II./ zwischen 2016 und 8. März 2022 seine Ehefrau M* R* in zumindest drei Angriffen (zweimal zwischen 2016 und 2019 sowie einmal 2021/22) mit Gewalt, indem er sie an den Oberarmen festhielt und bei zumindest einer Gelegenheit zudem ihre Beine auseinander drückte, trotz ihrer Gegenwehr zur Duldung des Vaginalverkehrs genötigt.

Rechtliche Beurteilung

[3] Dagegen richtet sich die auf § 281 Abs 1 Z 5 und 9 lit b StPO gestützte Nichtigkeitsbeschwerde des Angeklagten, die ihr Ziel verfehlt.

[4] Dem Einwand der Mängelrüge (Z 5 zweiter Fall) zuwider wurden zu II./ Angaben des Angeklagten, seiner Ehefrau und seines Sohnes zu in der afghanischenHeimat verwurzelten Ansichten des Angeklagten und seiner Ehefrau zum Geschlechtsverkehr unter Eheleuten keineswegs übergangen (US 7 ff, 11 ff, 15).

[5] Die Rechtsrüge (Z 9 lit b) behauptet, der 1965 in Afghanistan geborene, dort ohne Schulbildung aufgewachsene, seit 2001 in Österreich aufhältige und hier – nicht zuletzt wegen des Fehlens einer geregelten Arbeit und von Deutschkenntnissen – schlecht integrierte Angeklagte (US 3 f) sei einem nicht vorwerfbaren Rechtsirrtum (§ 9 StGB) über die Strafbarkeit von Vergewaltigung in der Ehe (II./) unterlegen. Sie lässt aber nicht erkennen (RIS‑Justiz RS0116569, RS0116565), aus welchem Grund der erwachsene Angeklagte selbst nach seinen individuellen Verhältnissen bei einem derart langen Aufenthalt in Österreich nicht verpflichtet gewesen sein sollte, sich mit den einschlägigen Vorschriften im Kernbereich des Strafrechts, insbesondere betreffend den geschlechtlichen Umgang mit anderen, bekannt zu machen, und weshalb ihm ein Verharren in jenen Verhältnissen, die ihm die Teilnahme am in Österreich vorherrschenden allgemeinen Rechtsbewusstsein (etwa betreffend ein Gewaltverbot [auch] in der Ehe) verwehrt haben könnten, nicht zum Vorwurf gemacht werden sollte (§ 9 Abs 2 StGB; vgl RIS-Justiz RS0089776; vgl Leukauf/Steininger/Öner/Schütz in StGB4 § 9 Rz 8, 10; Fabrizy/Michel-Kwapinski/Oshidari StGB14 § 9 Rz 7, 9).
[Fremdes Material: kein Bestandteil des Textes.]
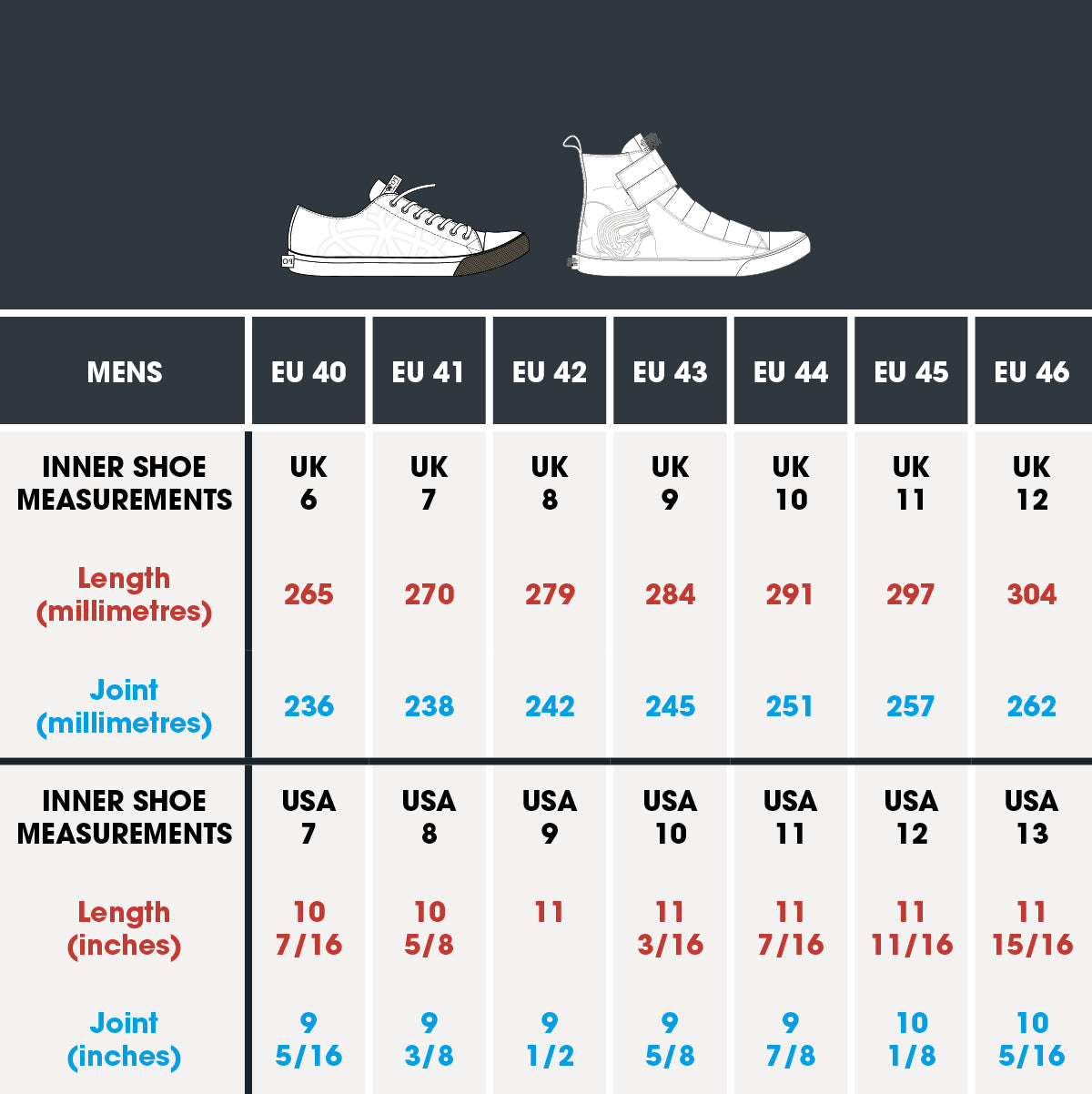 po-zu men vulcanised sole size chart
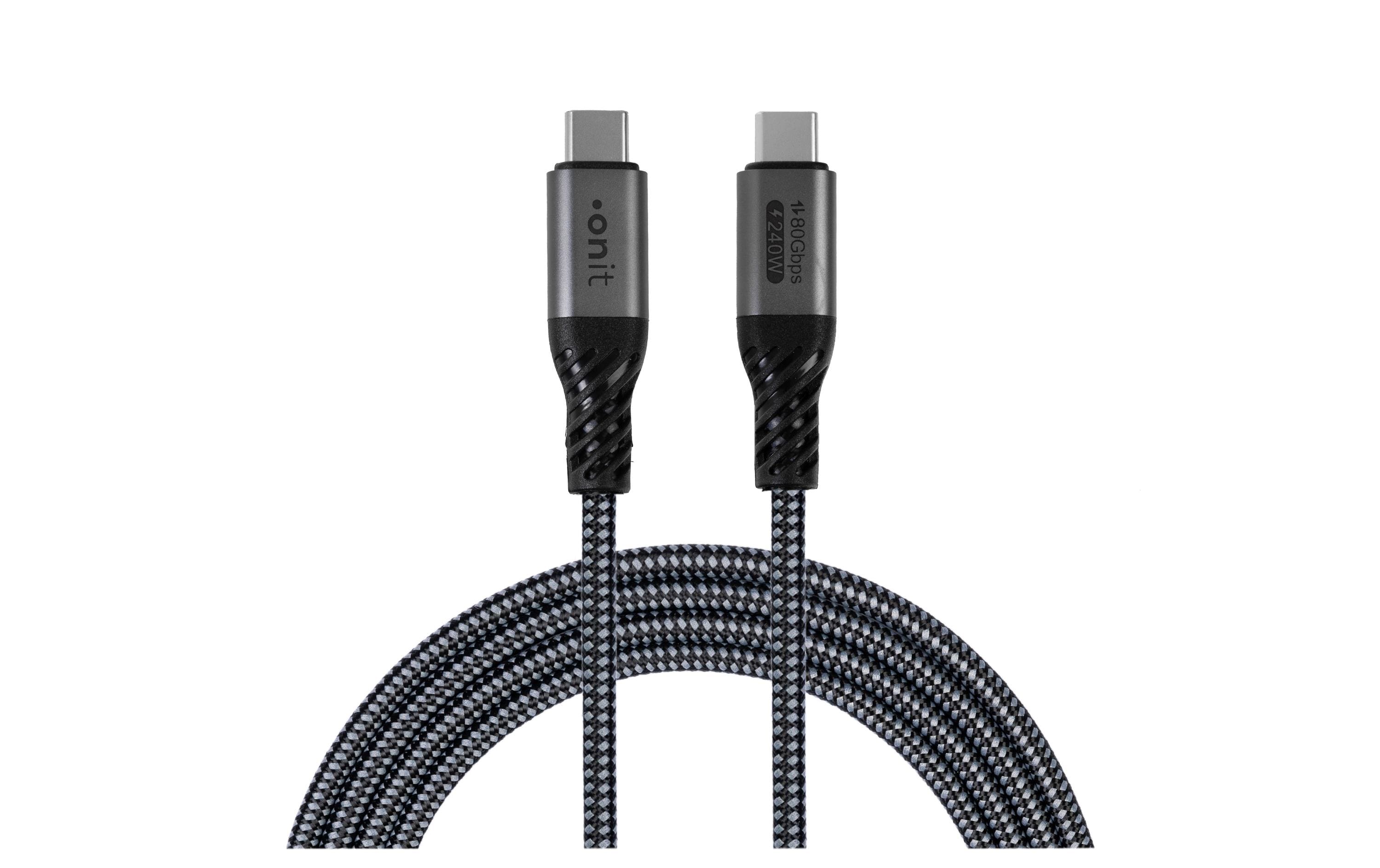 onit Premium USB4V2-Kabel C-C schwarz 0.5m USB 4.0 V2 / 240W / 80Gbps / 8K@60Hz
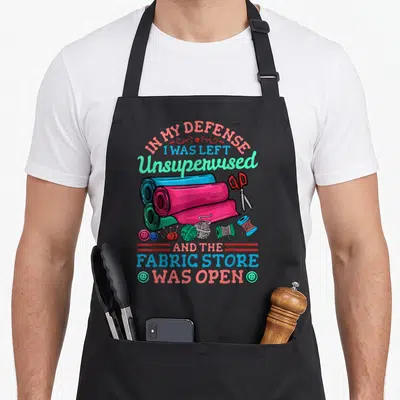 Quilting quilter apron - Cartoon fabric rolls and sewing supplies with text about being left unsupervised at a fabric — shown on a black cotton canvas apron against a white background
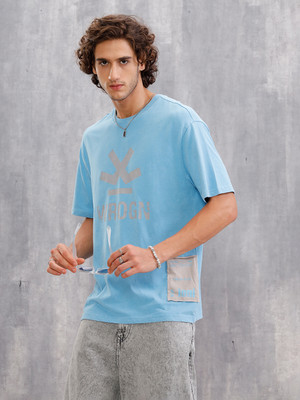 WROGN Printed Men Crew Neck Blue T-Shirt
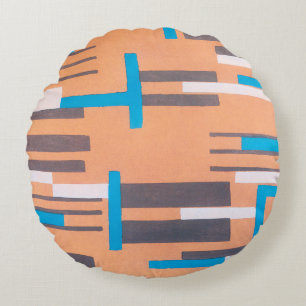 Vintage Art Deco Jazz Pochoir, Geometric Pattern Round Cushion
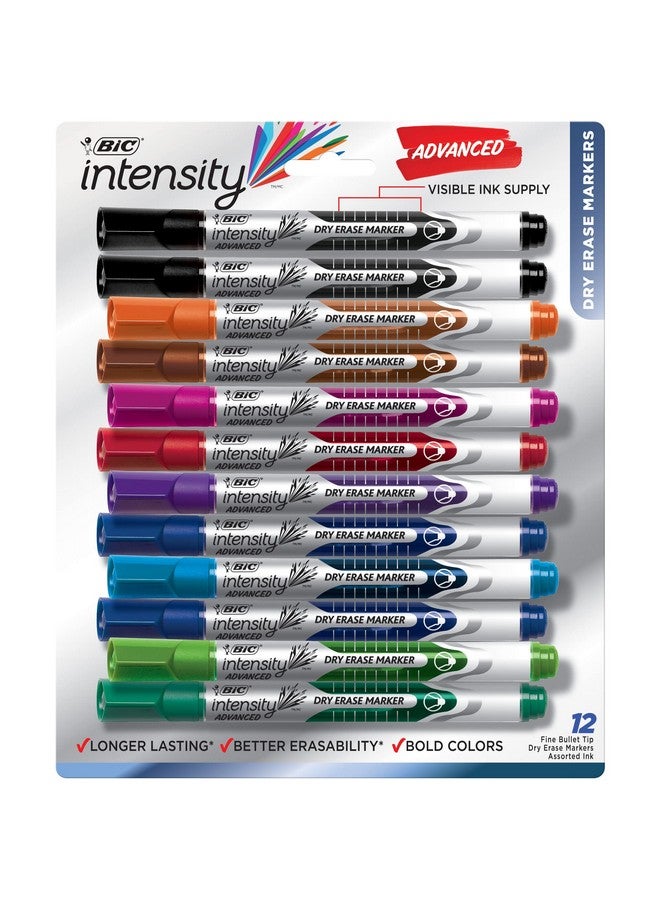 بيك أقلام تحديد Intensity Advanced الملونة القابلة للمسح الجاف، برأس رصاصي، عبوة من 12 قطعة بألوان متنوعة، أقلام تحديد السبورة البيضاء للمعلمين ولوازم المكتب - Image 1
[6] Das zu II./ einen Feststellungsmangel (Z 9 lit b) zu den subjektiven Vorstellungen des Angeklagten „über die Erlaubtheit seiner Tathandlungen während aufrechter Ehe“ reklamierende Vorbringen kann somit dahinstehen.
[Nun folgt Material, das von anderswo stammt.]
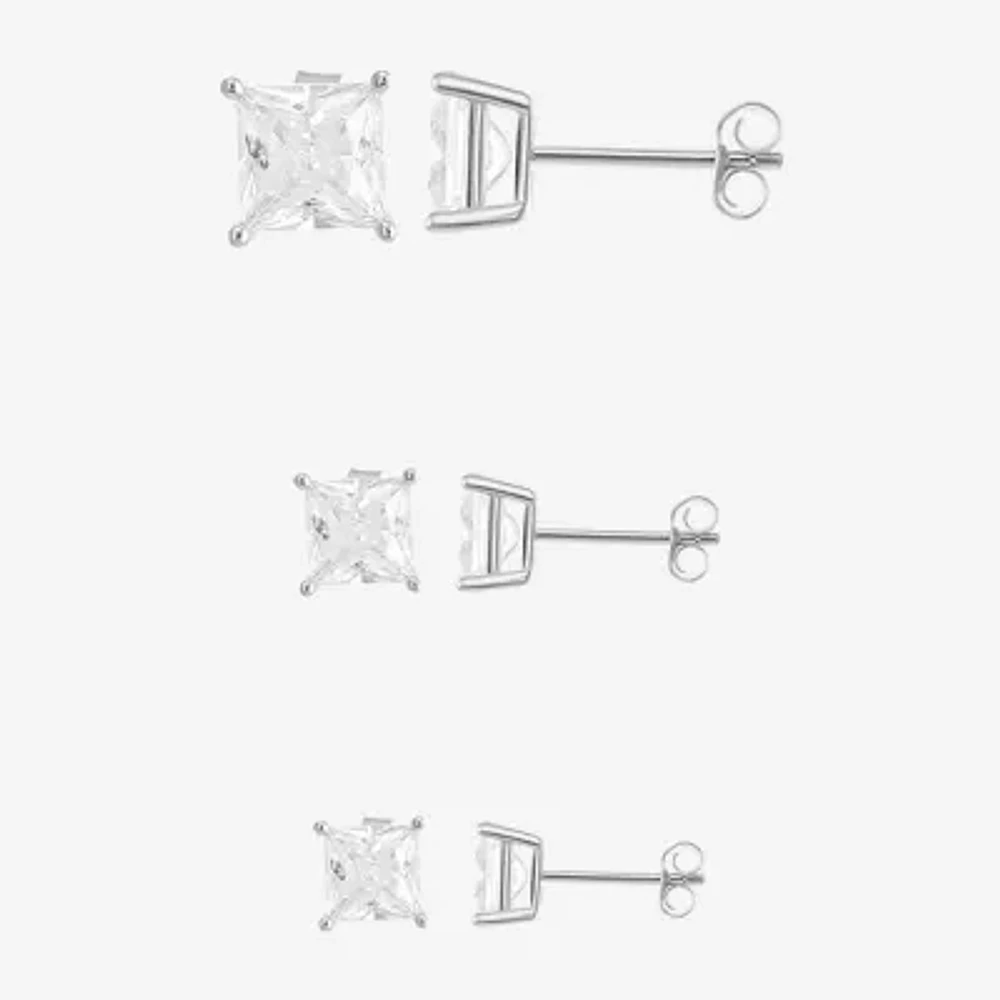 Womens Cubic Zirconia Sterling Silver Round 6 Pair Earring Set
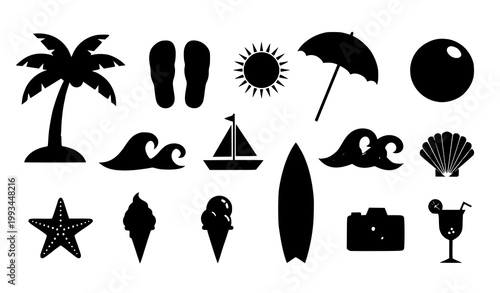 A collection of black beach icons on a white background
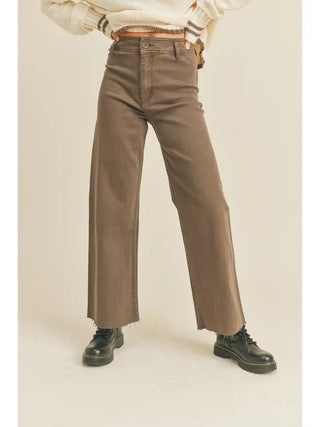 The Sutton Wide Leg Denim Brown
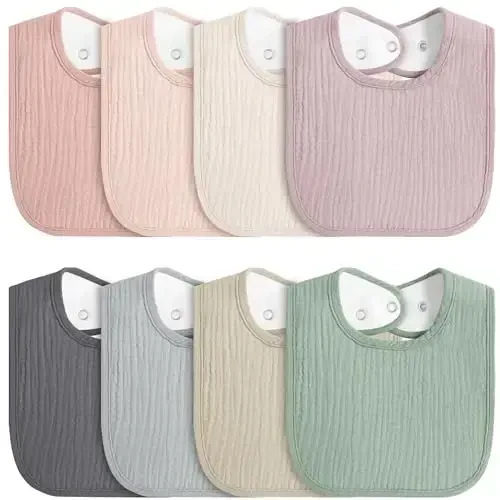 MairMore 8-Pack Baby Muslin Bibs, Soft Cotton Drool Bibs for Boys Girls, Adjustable and Absorbent Newborn Bib Set for Feeding and Drooling - 1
[7] Aus welchem Grund es zu II./ für die rechtsrichtige Beurteilung der Frage nach dem Schuldausschließungsgrund des § 9 StGB auch Feststellungen betreffend die „subjektiven Vorstellungen des Angeklagten … über die Vorwerfbarkeit des Verbotsirrtums“ bedurft hätte, macht die Beschwerde nicht klar (erneut: RIS-Justiz RS0116569, RS0116565).
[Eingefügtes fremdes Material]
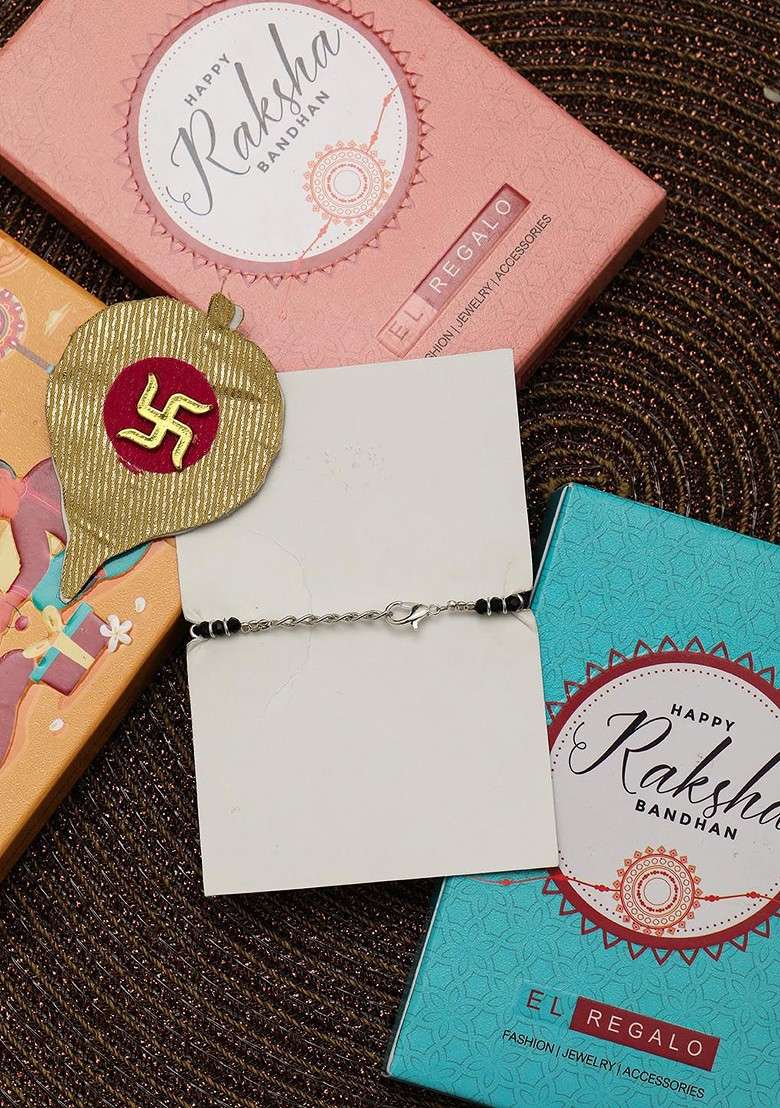 Kids Evil Eye And Rainbow Charm Rakhi With Roli Chawl And Greeting Card - Indya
[8] Die Nichtigkeitsbeschwerde war daher bereits bei der nichtöffentlichen Beratung sofort zurückzuweisen (§ 285d Abs 1 StPO), woraus die Zuständigkeit des Oberlandesgerichts zur Entscheidung über die Berufungen folgt (§ 285i StPO).

[9] Die Kostenentscheidung beruht auf § 390a Abs 1 StPO.